O'Brien, Brian "Jungle Jailor"
Joe Peters, the sole survivor of an American freighter (the fictitious S.S. TOLEDO) which had been torpedoed by a German U-boat in the Mozambique Channel off the east coast of Africa finds himself, after many days adrift in a bullet-riddled lifeboat (the sub had strafed the lifeboat, killing all but Peters), cast ashore in Portugese East Africa. He is soon taken captive by the mad German operator of a secret Nazi telegraph relay station which is located in a nearly impenetrable jungle about 100 miles south of the Portugese colonial city of Beira. It soon becomes apparent to Peters that the sadistic German (one “Flaggleutenant Hennig”) was partly responsible for the loss of the TOLEDO (spies in Beira had gleaned information on the ship’s planned movements and then relayed that information to Hennig, who passed it on to a nearby German submarine). Once Peters learns that the Nazis are planning on attacking an approaching northbound Allied convoy in the Mozambique Channel it becomes imperative for him to figure out a way to overpower his captor and save the convoy. It should come as no surprise to readers that the wily American indeed does defeat the cowardly Nazi (Hennig is last seen trapped in the swamp, frightened to death – and indeed, the German appears to have committed suicide by tale’s end); Peters then escapes from the jungle after having destroyed the wireless station and thus ensuring the convoy’s safe passage.

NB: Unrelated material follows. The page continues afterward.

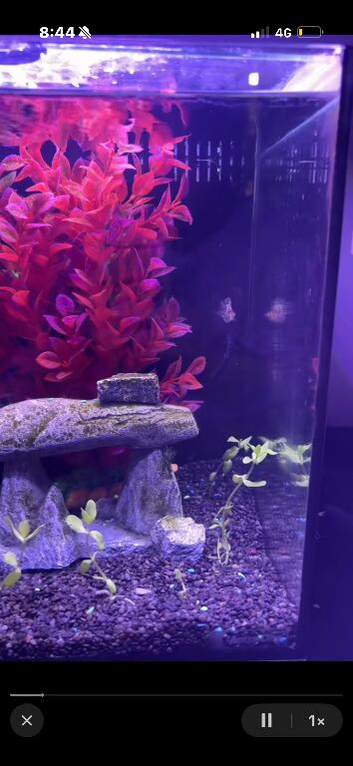 55L Fish Tank & Fish Bundle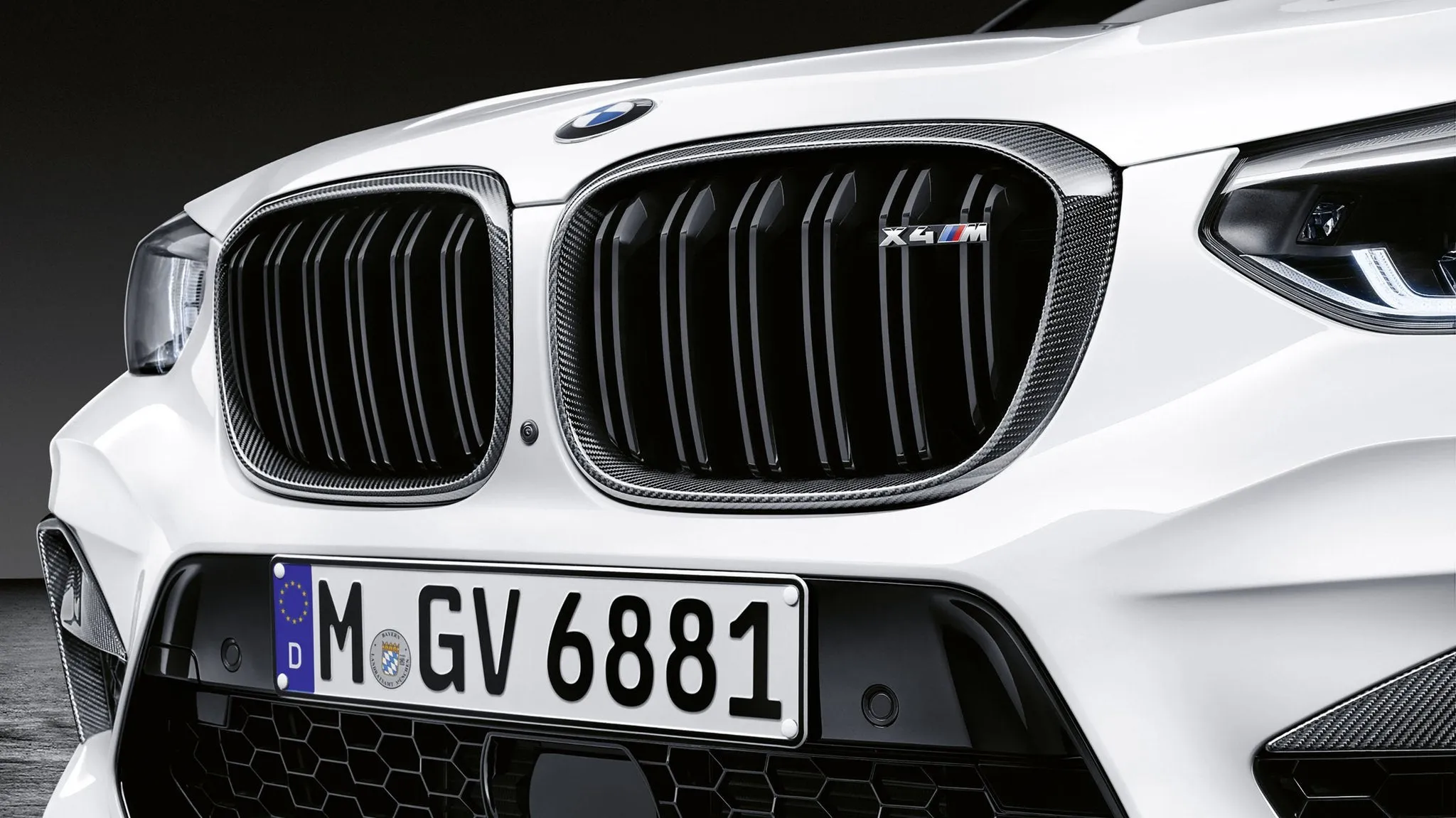 BMW M Performance F98 X4M Pre-LCI Carbon Front Grille Set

Readers interested in a more artful look at the World War 2 dangers of shipping in the Mozambique Channel should check out Penelope Lively’s engrossing short story “The Mozambique Channel,” published in 2005. And those looking for a portrait of a similarly off-kilter jungle inhabitant who has taken and used for his own strange purposes a Western prisoner might wish to read the final chapters of Evelyn Waugh’s acerbic 1934 novel, A Handful of Dust.